Один из моих спутников, переводивший мне надписи, смеясь, говорит, что приумножение рода – это, разумеется, личное дело помещика, но что касается дальнейшего приумножения богатства, то он позволяет себе усомниться, помогут ли эти заклинания хозяину дома и его потомкам. <…>
ПОХОД
Первый день похода… От села Хуан Шахэ, где мы ночевали, и до уездного городка Цюаньсянь, который к вечеру должны занять войска, тридцать километров с небольшим. Эти тридцать километров мы двигаемся под палящим солнцем, обжигающим лицо и руки. Шоссейная дорога все время поворачивает то влево, то вправо и, петляя между холмами, уходит вдаль бесконечной рыжевато-серой лентой. Она не ремонтировалась много лет; булыжник выбит целыми полосами, и люди и лошади вязнут в не подсохшей после ливня глине.
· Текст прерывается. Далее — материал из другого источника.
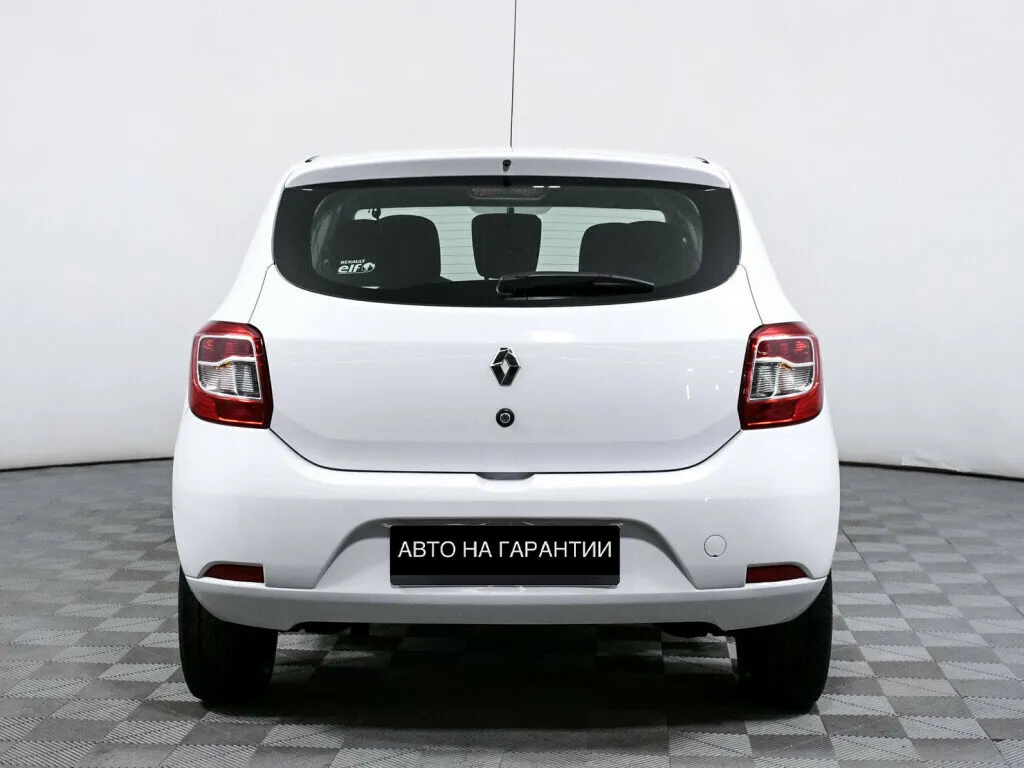 Renault Sandero II · Privilege — фото 4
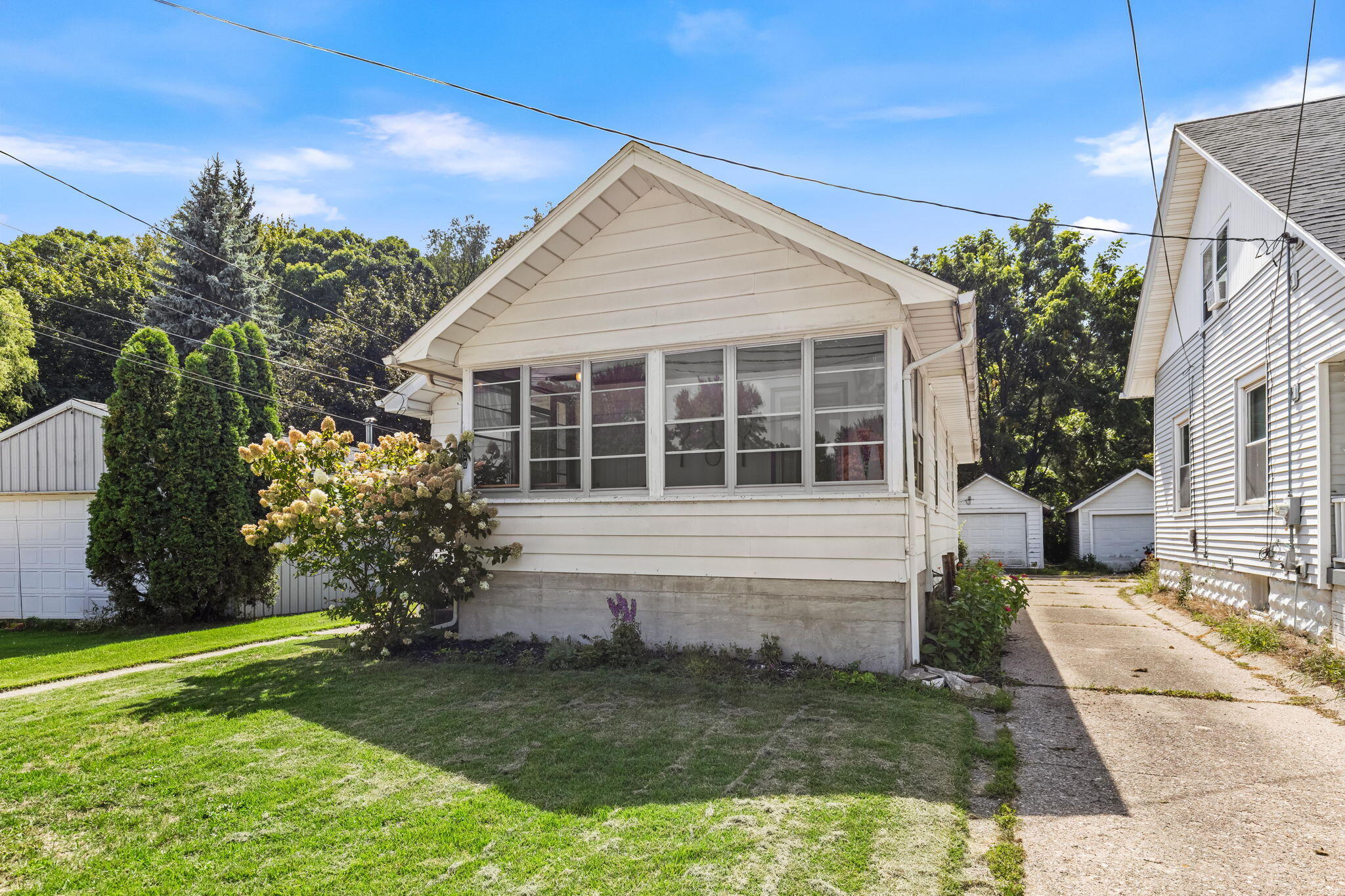 1450 Walker Avenue NW Grand Rapids MI 49504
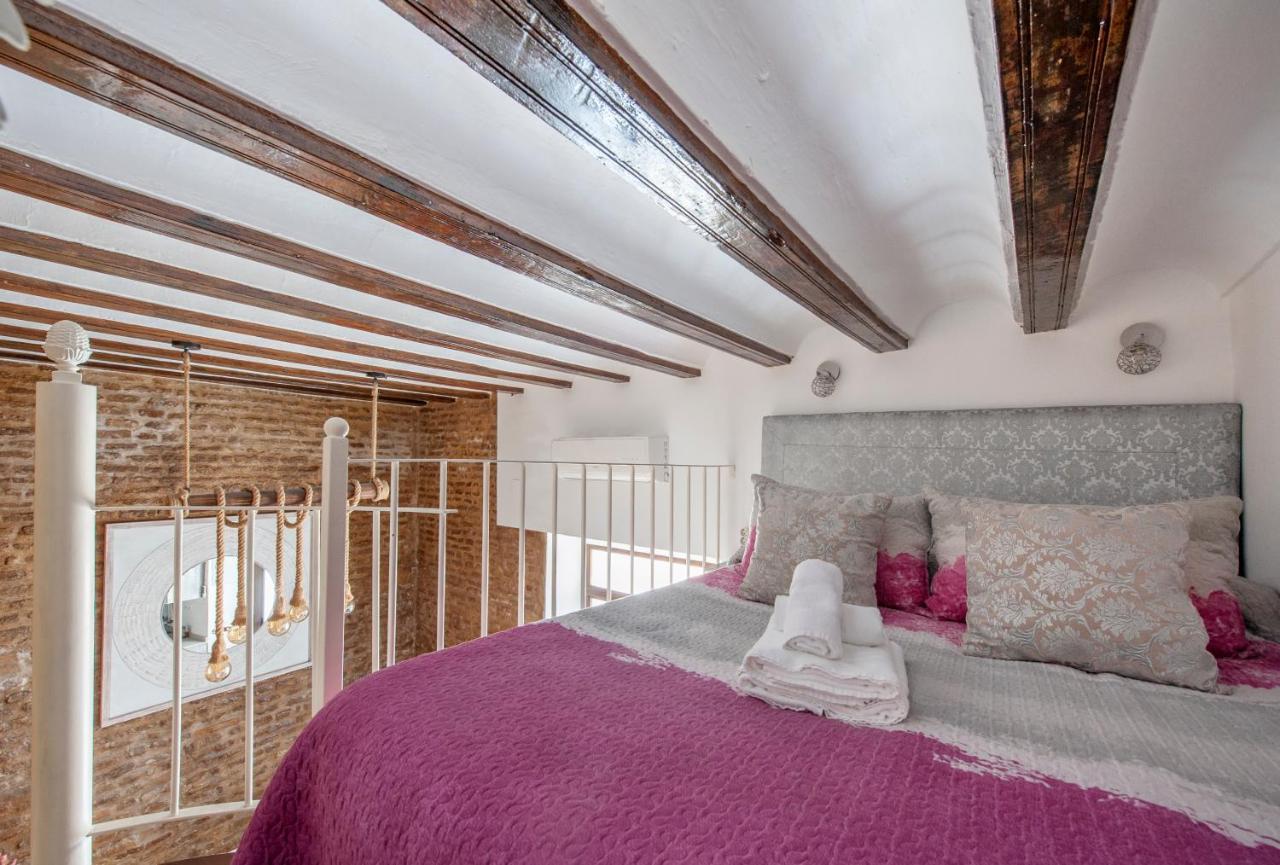 Santa Clara Chic Apartment Севиля Екстериор снимка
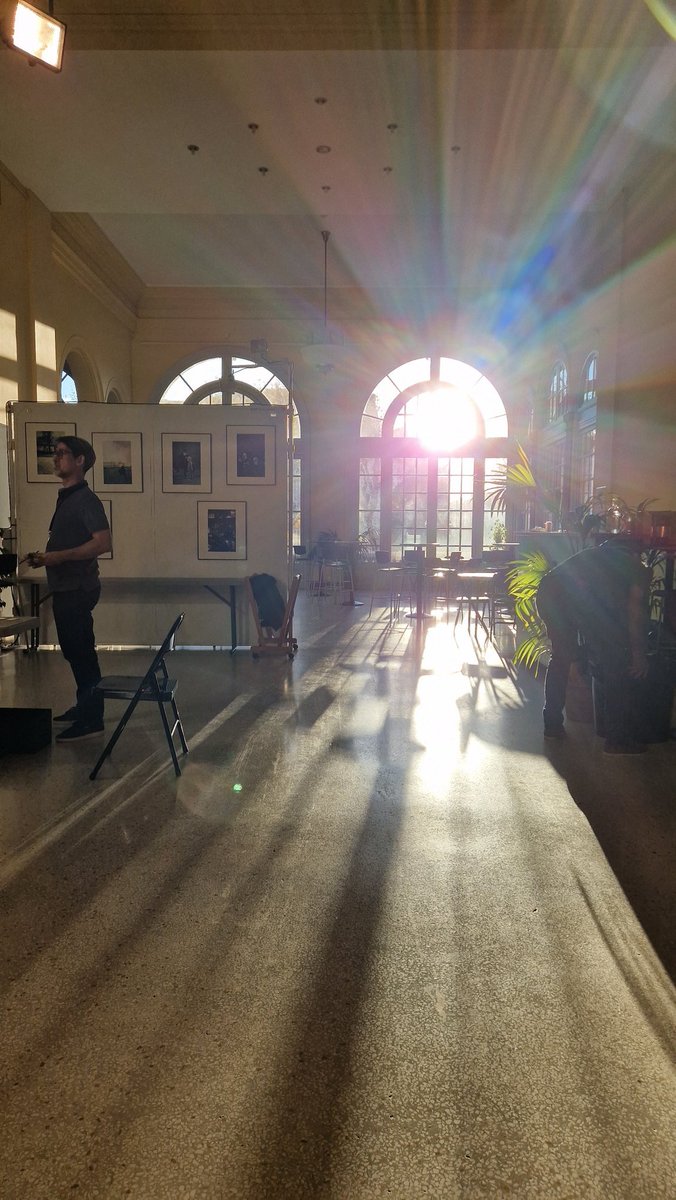 PhotoMenton's tweet photo. Suivez la lumière... https://t.co/KdKQ6HpY5S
Пейзаж северной части провинции Гуанси очень красив. С обеих сторон дороги тянутся уходящие уступами вверх бесконечные рисовые поля, а справа и слева, на расстоянии километра, двух, высятся цепи зеленых холмов. За ними вдалеке видна гряда других холмов – повыше, а совсем вдали – синевато-серые цепи гор. Благодаря тому, что все эти три цепи находятся на разном расстоянии от дороги, кажется, что все они – в движении. Сопровождающая нас в пути цепь ближайших холмов перемещается по отношению к следующей, а следующая – по отношению к самой дальней.
Неподалеку от дороги, на красивых, заросших лесом склонах, через каждые пять-шесть километров попадаются старинные могилы императорских чиновников и генералов. Это обычно несколько больших арок с причудливой резьбой по замшелому старому камню; они ведут к местам погребения, а возле них, словно пасясь в высокой зеленой траве, потонув в ней по грудь, стоят, высеченные тоже из темно-серого камня, ритуальные козлы, буйволы и лошади в натуральную величину.
Кругом пустынно. На рисовых полях ни души. Над деревнями ни одного дымка. Поля брошены, крестьяне угнаны гоминдановцами.